= Beginning of Section =

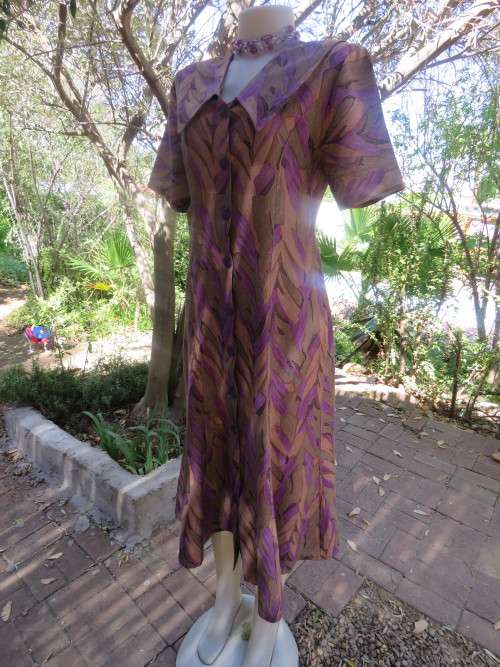 Princess style panelled a-line dress in purple brown and beige design.Size 34/10.Boutique made
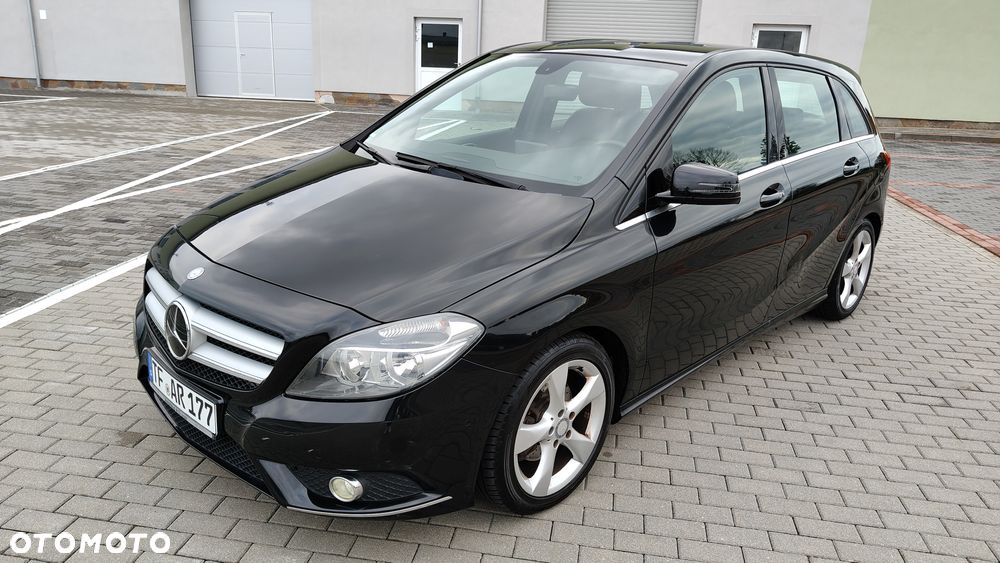 Mercedes-Benz Klasa B 200 Edition - 15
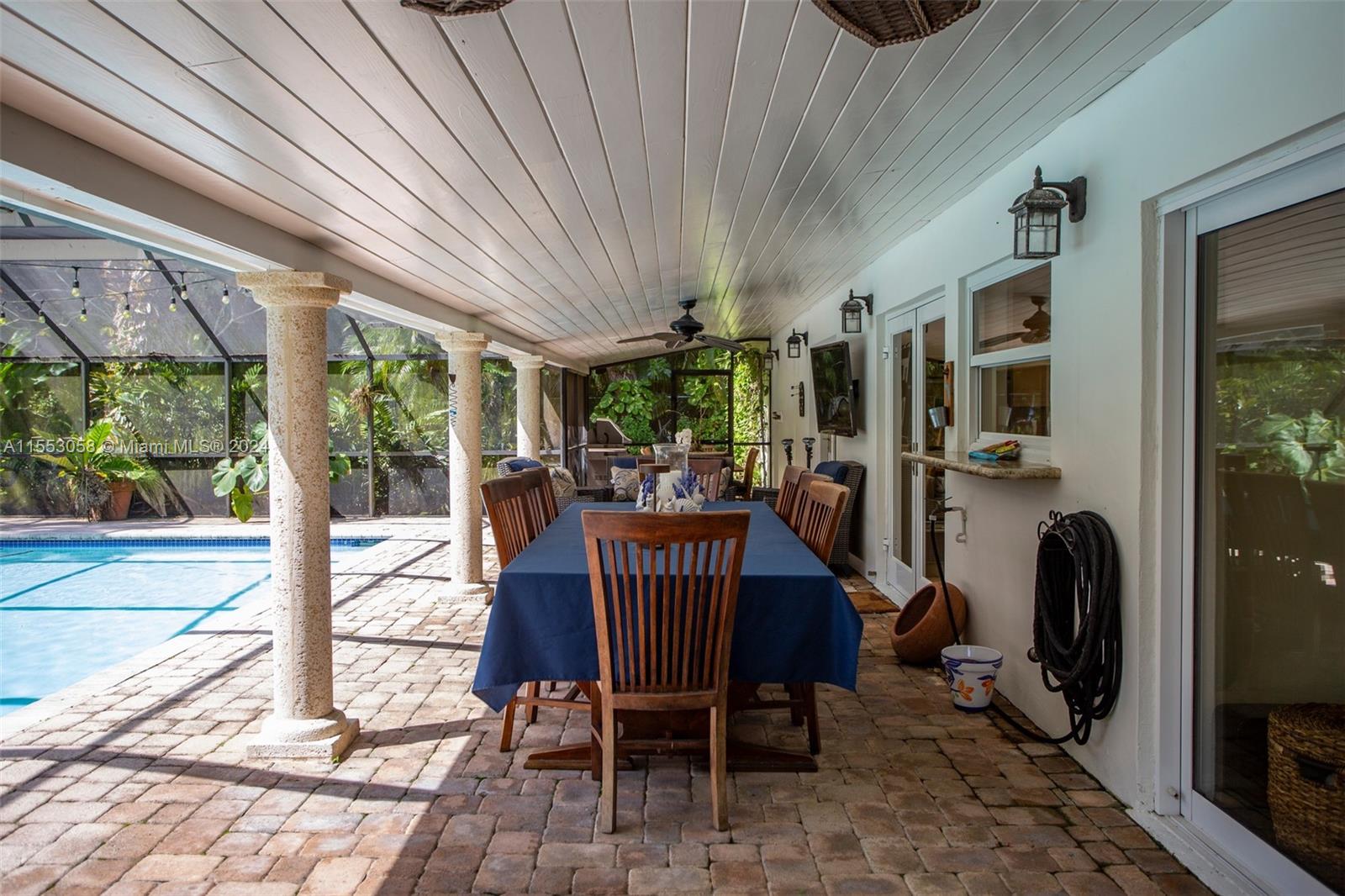 HOLIDAY ESTS - Residential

= End of Section =

* Required work: Restate the material word for word, minus pictures.

* Solved problem:
 Princess style panelled a-line dress in purple brown and beige design.Size 34/10.Boutique made
 Mercedes-Benz Klasa B 200 Edition - 15
 HOLIDAY ESTS - Residential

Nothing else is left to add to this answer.